The low price of the machine on the left got shoppers attention. But unless someone was on a really tight budget, they wanted One of the machines in the middle. It was noticeably nicer, without seeming overly extravagant.

The dot pitch controversy

LCD monitors took the focus away from dot pitch. LCD panels have a native resolution, and if you display anything other than the native resolution, they scale it. So the focus shifted away from dot pitch to simply resolution. You bought the panel that displayed a resolution you wanted at the size you wanted, and that was it.

And that has led to the perception that LCDs have pixels but CRTs do not. That isn’t the case. It’s just that LCDs and CRTs scale differently, and CRTs scale lower resolutions more smoothly than LCDs do.

Think of it this way. When an LCD is displaying at its native resolution, the picture quality is a 9 or 10 out of 10. When it is displaying something other than its native resolution, the quality is probably a six or seven out of 10. It looks unnatural. The CRT display is going to be an eight out of 10, but it’s 8 out of 10 regardless of the resolution. The CRT is more consistent, although the LCD is better when it’s at the top of its game.

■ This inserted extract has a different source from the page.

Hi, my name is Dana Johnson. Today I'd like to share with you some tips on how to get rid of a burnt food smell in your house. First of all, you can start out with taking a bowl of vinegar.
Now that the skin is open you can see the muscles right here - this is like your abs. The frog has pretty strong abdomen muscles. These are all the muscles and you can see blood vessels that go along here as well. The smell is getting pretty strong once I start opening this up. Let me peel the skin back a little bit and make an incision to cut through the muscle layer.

What is a good dot pitch on a computer monitor?

The gold standard for dot pitch was .28mm. Some premium tubes could exceed that slightly, but generally speaking, .28mm gave a clear display at SVGA resolutions. .39mm was fine for VGA and lower resolutions. And when it came to pre-VGA standards like CGA, .42 or .43mm was fine.

So generally speaking, lower was better, and .28mm was what everyone looked for. But prior to SVGA, it was relative. You could get a .31mm dot pitch CGA monitor but it was overkill. I thought it looked better, but was it worth paying a 25% premium? Most people didn’t think so.

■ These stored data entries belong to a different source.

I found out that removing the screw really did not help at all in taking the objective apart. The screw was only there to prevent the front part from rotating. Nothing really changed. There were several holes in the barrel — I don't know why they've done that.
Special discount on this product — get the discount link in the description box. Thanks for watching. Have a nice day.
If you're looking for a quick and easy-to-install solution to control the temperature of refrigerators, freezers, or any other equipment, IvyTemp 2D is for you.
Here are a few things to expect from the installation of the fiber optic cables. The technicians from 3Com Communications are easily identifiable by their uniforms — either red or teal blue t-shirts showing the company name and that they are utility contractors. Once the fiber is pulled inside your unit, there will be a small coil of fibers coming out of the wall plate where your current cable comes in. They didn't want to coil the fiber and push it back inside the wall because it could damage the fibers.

Inconsistent dot pitch on pre-VGA monitors

Companies didn’t necessarily advertise dot pitch on monitors before VGA became commonplace. This can make it difficult to track down dot pitch specifications for earlier monitor types. Frequently, you don’t find it anywhere in the user manual, you have to find a service manual. And then, the information you find is inconsistent. Take the IBM 5153 monitor, for example. Sometimes you read that it had a 0.42 mm dot pitch. Sometimes you hear it had as low as a .31 mm dot pitch. Who is correct?

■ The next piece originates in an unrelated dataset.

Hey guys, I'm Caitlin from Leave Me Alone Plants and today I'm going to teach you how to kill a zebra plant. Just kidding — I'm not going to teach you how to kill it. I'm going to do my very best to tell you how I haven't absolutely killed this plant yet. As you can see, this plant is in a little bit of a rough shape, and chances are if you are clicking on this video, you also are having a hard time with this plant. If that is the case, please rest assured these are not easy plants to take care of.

It depends on whether you are measuring on the diagonal or if you are measuring horizontally. VGA monitors measured diagonally, and it made sense to do so, because the pixels were square. But CGA and EGA did not have square pixels. They were rectangular. So if you measured horizontally, you got one number. If you measured diagonally, you got a different number.

Generally speaking, 0.64 or .52 mm dot pitch was adequate for the kinds of resolutions that 8-bit computers produced. They worked well for 320×200 bitmap displays. That’s why a Commodore 1702 has such a ridiculously high dot pitch and yet got away with it. And .64mm was fine even for PCjr/Tandy games that ran at 320×200, and even for MCGA games. But to display clear 80 column text and 640×200 graphics, you really needed .42 or .43 mm dot pitch.

The early VGA standards with 640×480 graphics needed .39 mm. But there were budget VGA displays that used inadequate picture tubes, sometimes even .52 mm. It produced a display, the display just looked fuzzy.

Eventually the industry stabilized and fuzzy low budget monitors disappeared. If you priced them low enough the market might forgive you, but some retro enthusiasts believe delivering fuzzy monitors with inadequate tubes at too high of a price contributed to the downfall of Tandy computers.